March 24
Maximum Subarray
How to notice that the real question is whether the previous sum still helps or whether it is now hurting.
Arrays and Dynamic Programming Beginner 18 min TypeScript
Given an integer array nums, find the contiguous subarray with the largest sum and return that sum.
Example:
Input: nums = [-2, 1, -3, 4, -1, 2, 1, -5, 4]
Output: 6
The subarray [4, -1, 2, 1] has sum 6.
What to notice before coding
- The subarray must be contiguous. You cannot skip elements.
- The answer can be a single element.
- If every number is negative, the best answer still exists.
Common mistakes
- summing only positive numbers and forgetting the subarray must stay contiguous
- resetting to `0` and breaking the all-negative case
Step 1 — Understand the one word that changes everything
The prompt says contiguous subarray.
That kills a common bad reading: picking scattered numbers that look good and adding them together.
You cannot skip.
The answer has to be one continuous block.
Step 2 — Write the correct baseline
A good baseline is to test every possible subarray, while summing incrementally:
export function maxSubArray(nums: number[]): number {
let best = -Infinity
for (let start = 0; start < nums.length; start += 1) {
let sum = 0
for (let end = start; end < nums.length; end += 1) {
sum += nums[end]
best = Math.max(best, sum)
}
}
return best
}
It works. But it still tests every start against every end.
Step 3 — Ask what matters at the current position
When you reach nums[i], what do you want to know?
You do not need the best sum of the whole array yet.
The local question is:
what is the best subarray sum that ends exactly here?
That leads to the key idea:
- if the previous sum helps, keep it
- if the previous sum hurts, restart at the current value
Step 4 — Store the best sum ending here
That becomes a very simple recurrence:
bestEndingHere = max(value, bestEndingHere + value)
Then compare that with the best global answer.
That is the whole idea behind Kadane.
The interactive editor needs JavaScript. You can still read the prompt and copy the starter code below.
Starter code
export function maxSubArray(nums: number[]): number {
// your solution here
return 0
}
Haven't solved it yet?
Viewing the solution now may reduce learning.

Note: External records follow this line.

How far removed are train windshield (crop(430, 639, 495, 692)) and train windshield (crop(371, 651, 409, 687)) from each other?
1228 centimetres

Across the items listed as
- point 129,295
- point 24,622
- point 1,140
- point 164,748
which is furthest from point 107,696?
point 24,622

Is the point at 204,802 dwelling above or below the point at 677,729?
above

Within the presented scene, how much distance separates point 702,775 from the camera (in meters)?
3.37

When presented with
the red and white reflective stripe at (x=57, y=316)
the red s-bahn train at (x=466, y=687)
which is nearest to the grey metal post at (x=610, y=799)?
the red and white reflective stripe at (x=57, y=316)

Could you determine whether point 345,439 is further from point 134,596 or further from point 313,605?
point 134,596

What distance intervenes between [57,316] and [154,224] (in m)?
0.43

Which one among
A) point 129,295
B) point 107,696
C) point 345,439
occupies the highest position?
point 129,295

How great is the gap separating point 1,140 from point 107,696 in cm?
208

It's worth trying a bit more.
Open the reference solution
Without JavaScript, the reference solution is shown inline instead of in a dialog.
Solution
Final complexity
Time: O(n)
Space: O(1)
Solution 1 — Test all subarrays O(n²)
A decent baseline is to fix the start and keep extending the end.
export function maxSubArray(nums: number[]): number {
let best = -Infinity
for (let start = 0; start < nums.length; start += 1) {
let sum = 0
for (let end = start; end < nums.length; end += 1) {
sum += nums[end]
best = Math.max(best, sum)
}
}
return best
}Correct, but still quadratic.
Solution 2 — Kadane O(n)
If the local question is “what is the best sum ending here?”, one pass is enough.

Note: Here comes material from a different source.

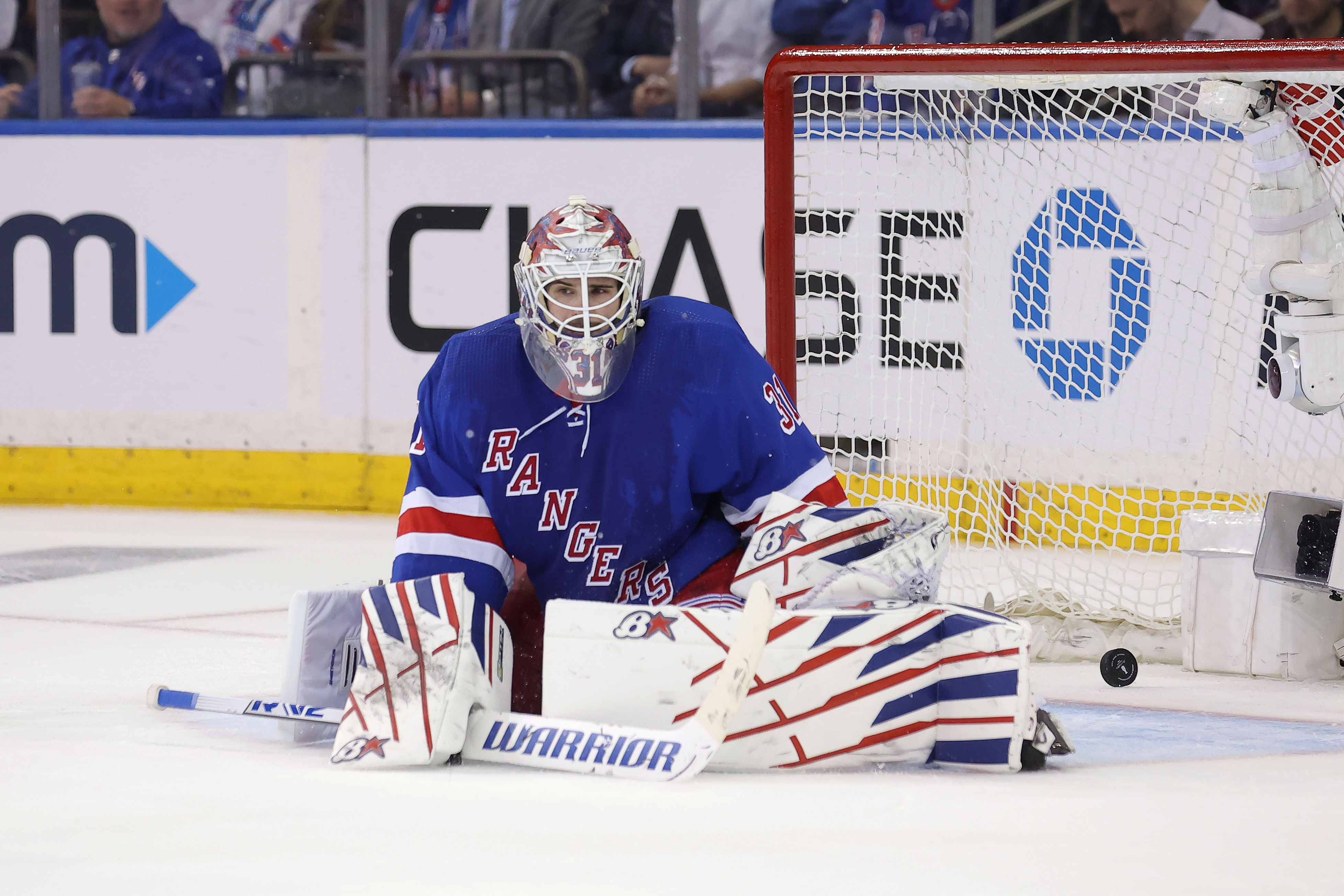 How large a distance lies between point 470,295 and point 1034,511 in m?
1.91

export function maxSubArray(nums: number[]): number {
let bestEndingHere = nums[0]
let bestOverall = nums[0]
for (let index = 1; index < nums.length; index += 1) {
const value = nums[index]
bestEndingHere = Math.max(value, bestEndingHere + value)
bestOverall = Math.max(bestOverall, bestEndingHere)
}
return bestOverall
}The algorithm looks short because the question was reduced to the right state.

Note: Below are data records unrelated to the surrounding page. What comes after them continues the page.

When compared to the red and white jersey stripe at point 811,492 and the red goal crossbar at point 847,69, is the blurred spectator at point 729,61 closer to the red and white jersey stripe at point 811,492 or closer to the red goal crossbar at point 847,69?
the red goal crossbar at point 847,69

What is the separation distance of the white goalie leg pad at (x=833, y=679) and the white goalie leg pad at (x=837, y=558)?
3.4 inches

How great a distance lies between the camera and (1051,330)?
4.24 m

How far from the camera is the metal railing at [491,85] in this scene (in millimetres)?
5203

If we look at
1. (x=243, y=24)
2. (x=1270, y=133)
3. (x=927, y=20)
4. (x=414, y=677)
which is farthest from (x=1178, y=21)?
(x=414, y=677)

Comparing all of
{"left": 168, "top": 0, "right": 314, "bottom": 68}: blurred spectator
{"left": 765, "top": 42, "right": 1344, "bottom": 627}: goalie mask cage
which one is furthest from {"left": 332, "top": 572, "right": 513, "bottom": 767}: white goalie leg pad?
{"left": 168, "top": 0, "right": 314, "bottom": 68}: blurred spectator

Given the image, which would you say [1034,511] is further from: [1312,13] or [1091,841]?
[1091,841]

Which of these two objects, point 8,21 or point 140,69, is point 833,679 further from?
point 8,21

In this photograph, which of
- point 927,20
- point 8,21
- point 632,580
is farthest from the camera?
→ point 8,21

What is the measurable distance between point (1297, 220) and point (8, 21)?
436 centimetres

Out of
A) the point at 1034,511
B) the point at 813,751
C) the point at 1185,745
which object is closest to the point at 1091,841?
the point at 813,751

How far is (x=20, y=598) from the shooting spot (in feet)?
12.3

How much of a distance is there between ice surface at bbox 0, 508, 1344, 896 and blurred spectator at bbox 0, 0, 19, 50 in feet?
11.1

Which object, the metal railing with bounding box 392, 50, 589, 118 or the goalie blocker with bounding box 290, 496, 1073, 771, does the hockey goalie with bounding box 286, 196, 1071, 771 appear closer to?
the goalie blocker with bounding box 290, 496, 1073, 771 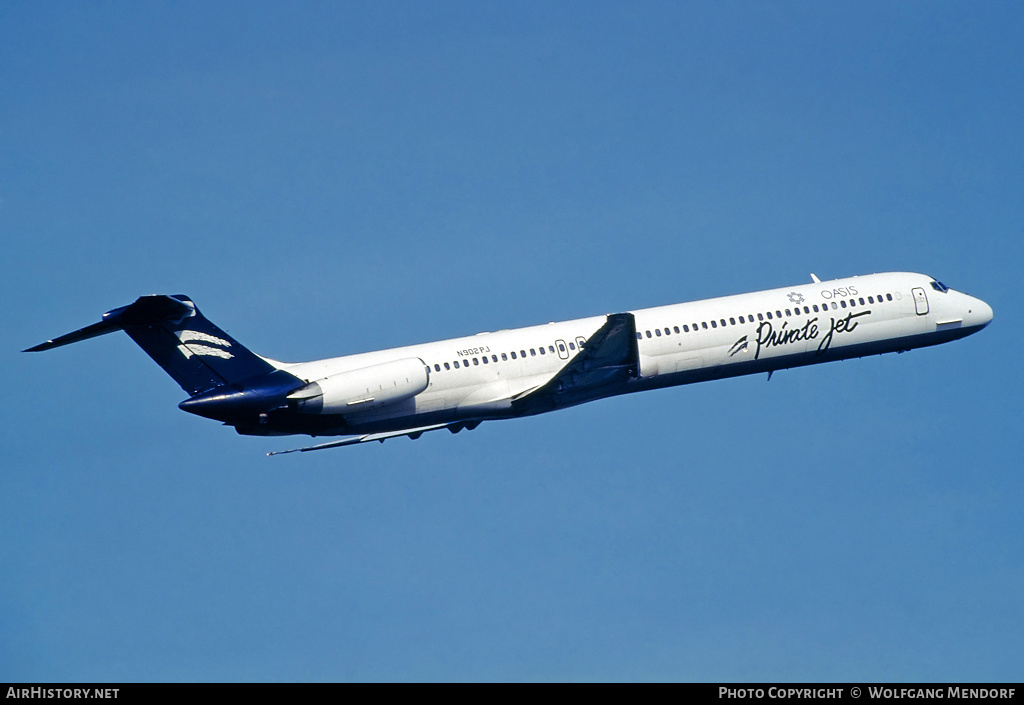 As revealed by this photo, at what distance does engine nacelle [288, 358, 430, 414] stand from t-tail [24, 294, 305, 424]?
68 cm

What to say in the interview
A strong short explanation would be:
The baseline tests all subarrays and costs
O(n²). The optimized version stores the best subarray sum ending at the current index. If the previous sum helps, I keep it. If it hurts, I restart at the current value. That reduces the problem toO(n).
That shows that you:
- respected the contiguity constraint
- turned a global problem into a local one
- explained Kadane as reasoning, not a memorized name
When this pattern shows up again
Many people describe Kadane as a form of dynamic programming with tiny state.
In some explanations, it also feels greedy, because the local choice to continue or restart is exactly what keeps the best running segment alive.
The same pattern comes back when you need to:
- decide whether to continue or restart
- keep a best local answer while scanning
- compress dynamic programming into tiny state
- explain why a local decision works
The point is not memorizing “Kadane.”
The point is noticing when the right state is “best answer ending here.”